To determine what version to release we keep to semantic versioning:
- If there are any (major) breaking changes, we always release a new major
version.
- Patch versions are generally only released for tiny fix-only releases.
- Minor versions are released when large fixes or new features are introduced.
- At any time a new dev release can be made, if unknown what version the next
release will be you should always assume a patch version change and only
increase minor or major versions if any new features or breaking changes are
happening respectively.
- Before big releases or if testing is required, a beta or release candidate
can be released.
### Checklist
- [ ] Run `utils/update-version.sh [version]`
- [ ] Update `CHANGELOG.md` with the new version, remove any `Unreleased`
section in the changelog. Make sure the to release version is the top most
section of the changelog. Also make sure the diff link is updated at the
bottom of the document.
- [ ] `git switch -c release/[version]` (the branch name must match this format)
- [ ] `git commit -a -S -m "Release [version]"` (a signed commit is required)
- [ ] `git push -u origin release/[version]`
- [ ] Wait for the github actions pipelines to complete, take special care of
the packaging pipeline
- [ ] Go to the releases page on Github and find the draft release, check if the
binaries have been properly generated.
- [ ] Let somebody review the branch
- [ ] WARNING: only merge the branch to main if it is fully up to date compared
to main, don't let any other branches on the merge queue in the mean time.
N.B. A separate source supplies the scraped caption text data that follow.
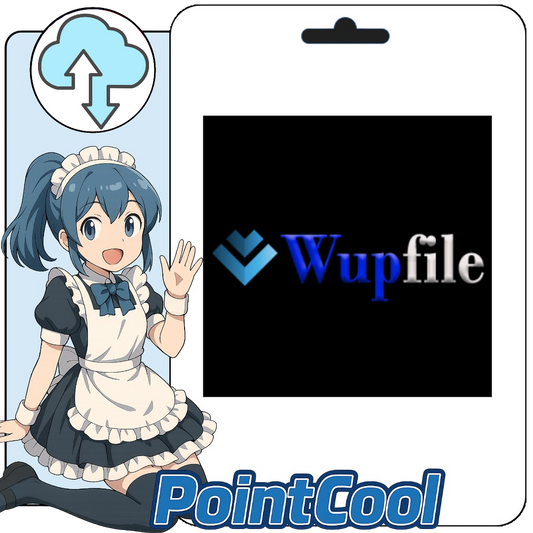 wupfile【序號激活碼】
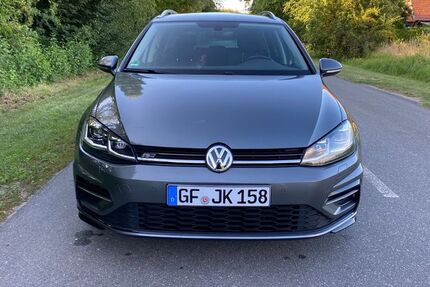 VW Golf 156.000 km 15.000 &euro; Isenbüttel 38550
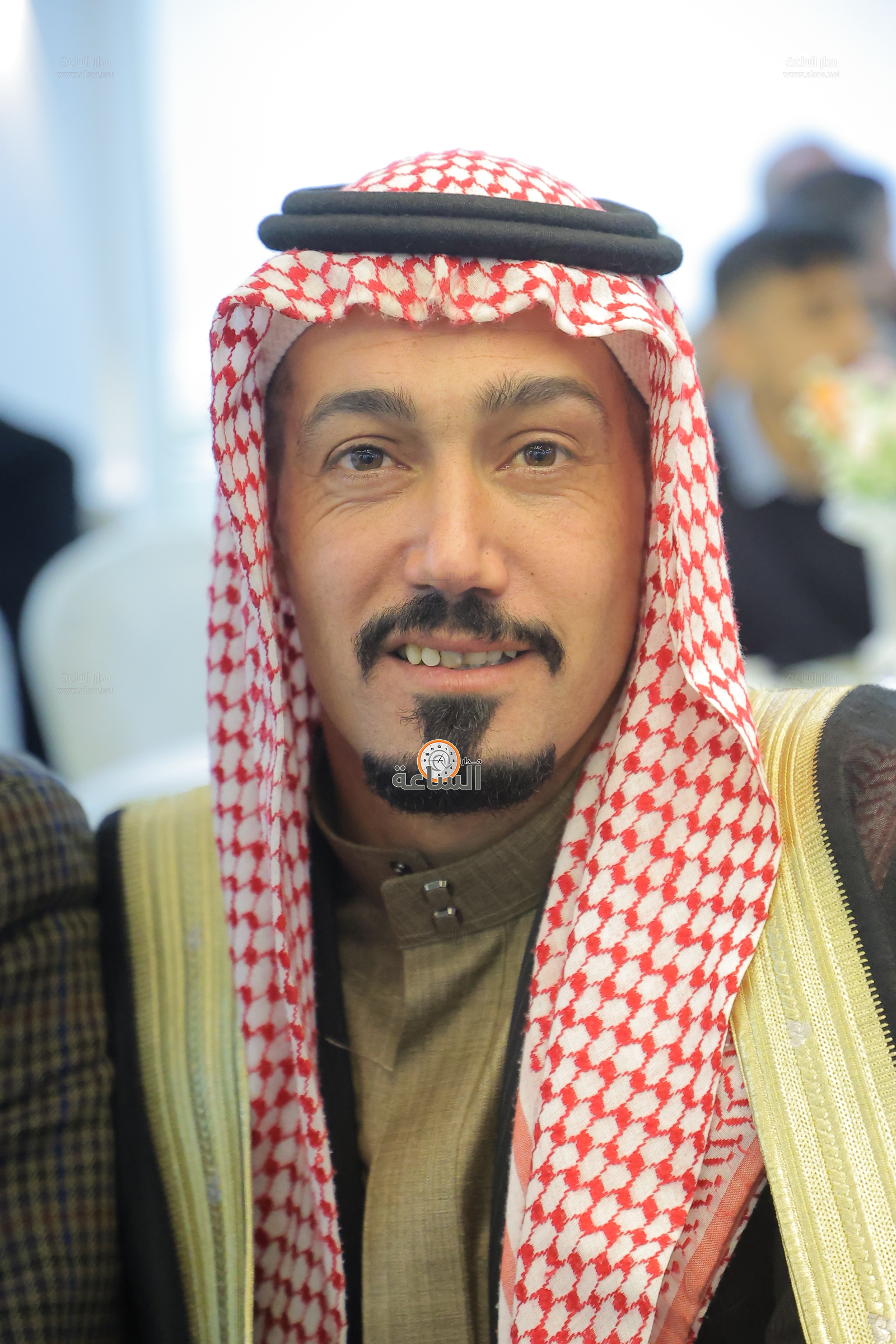 Madar Al-Saa Images 0.47702095044080683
You could also store the release on a non-main branch, but make sure to
sync the main branch at a later time in that case to update the changelog
on main.
- [ ] Go to the releases page on GitHub and find the draft release, edit the
draft release and make it public, this should also create a tag on the
repository.
- [ ] On your local computer, checkout the specific commit that was tagged by
GitHub (i.e. `git fetch && git switch --detach v[version]`)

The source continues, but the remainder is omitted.